PROBLEM DESCRIPTION
Write out, please, each line from the one containing "A train passes" to the final line of the data, both included, exactly and without pictures.

PROVIDED MATERIAL
# # # # #
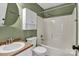 Well-lit bathroom with a shower-tub combo, matching sink and toilet, and a wall cabinet for extra storage at 2318 Kestrel Dr, Rock Hill, SC 29732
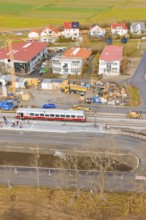 A train passes a construction site with numerous buildings and a crane in a rural area, historic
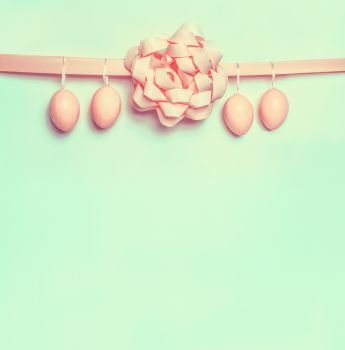 Pastel pink Easter eggs hanging on ribbon with beautiful bow on light green background Creative greeting layout with copy space for your text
# # # # #
WRITTEN RESPONSE
 A train passes a construction site with numerous buildings and a crane in a rural area, historic
 Pastel pink Easter eggs hanging on ribbon with beautiful bow on light green background Creative greeting layout with copy space for your text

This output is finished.